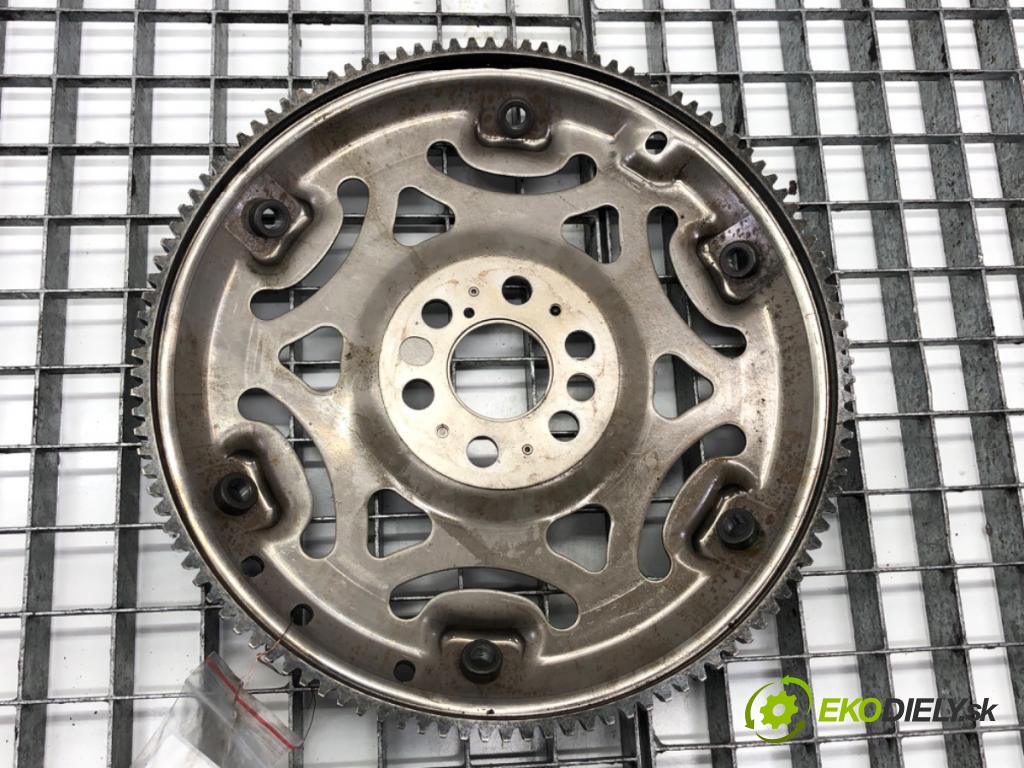 BMW F30 sedan 2016 180 kW 328 i xDrive 1997 kolo setrvačníkové 7585146 (Setrvačník )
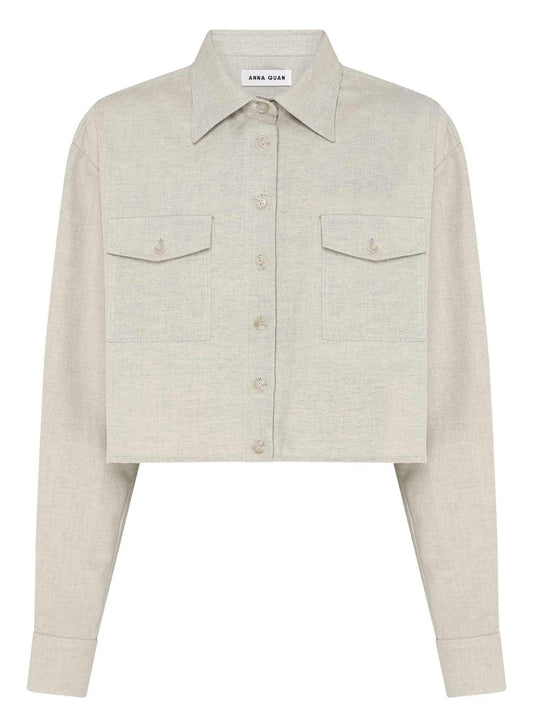 ANNA QUAN Ryan Shirt in cloud linen. Relaxed fit, cropped length, two patch pockets, and functional buttons. Ideal for a stylish spring day look. Linen shirts, everyday linen shirts, oversized shirt. 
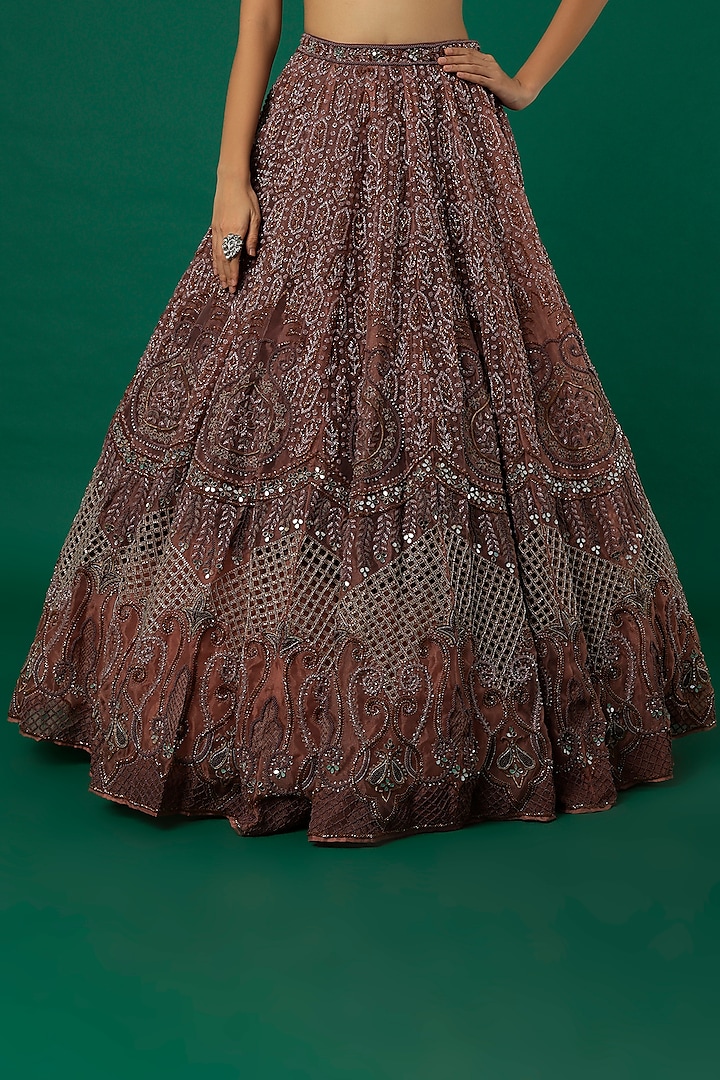 Dusty Pink Embroidered Bridal Lehenga Set by Surabhi Chopra at Pernia's Pop Up Shop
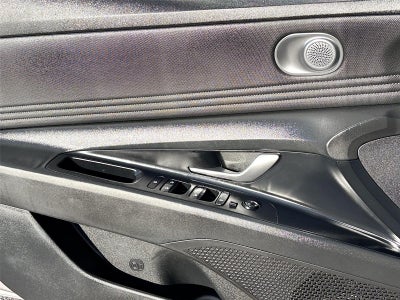 2022 Hyundai Elantra Limited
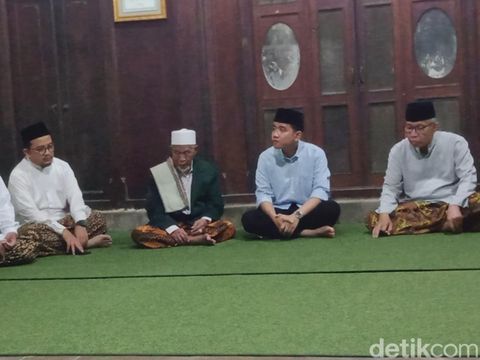 Gibran Rakabuming mengunjungi Ponpes Al Manshur, Popongan, Kecamatan Wonosari, Kabupaten Klaten, Selasa (21/11/2023) malam.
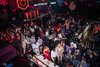 Gäste, Person und Diplomandinnen und Diplomanden feiern im Vegas Club
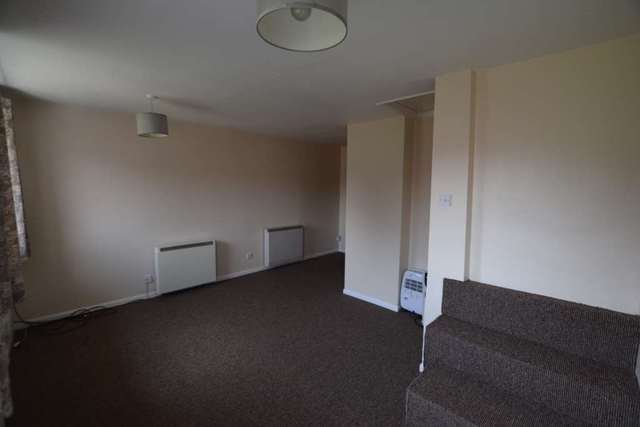  Image of Apartment to rent in Carroll Close Newport Pagnell MK16 at A Carroll Close  Newport Pagnell, MK16 8QH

====================

• [Goal of the exercise]: Pictures are to be left out; otherwise, retype exactly the lines from the first line of the data through the line containing "Gibran Rakabuming mengunjungi".

• [Solution to this exercise]:
 BMW F30 sedan 2016 180 kW 328 i xDrive 1997 kolo setrvačníkové 7585146 (Setrvačník )
 ANNA QUAN Ryan Shirt in cloud linen. Relaxed fit, cropped length, two patch pockets, and functional buttons. Ideal for a stylish spring day look. Linen shirts, everyday linen shirts, oversized shirt. 
 Dusty Pink Embroidered Bridal Lehenga Set by Surabhi Chopra at Pernia's Pop Up Shop
 2022 Hyundai Elantra Limited
 Gibran Rakabuming mengunjungi Ponpes Al Manshur, Popongan, Kecamatan Wonosari, Kabupaten Klaten, Selasa (21/11/2023) malam.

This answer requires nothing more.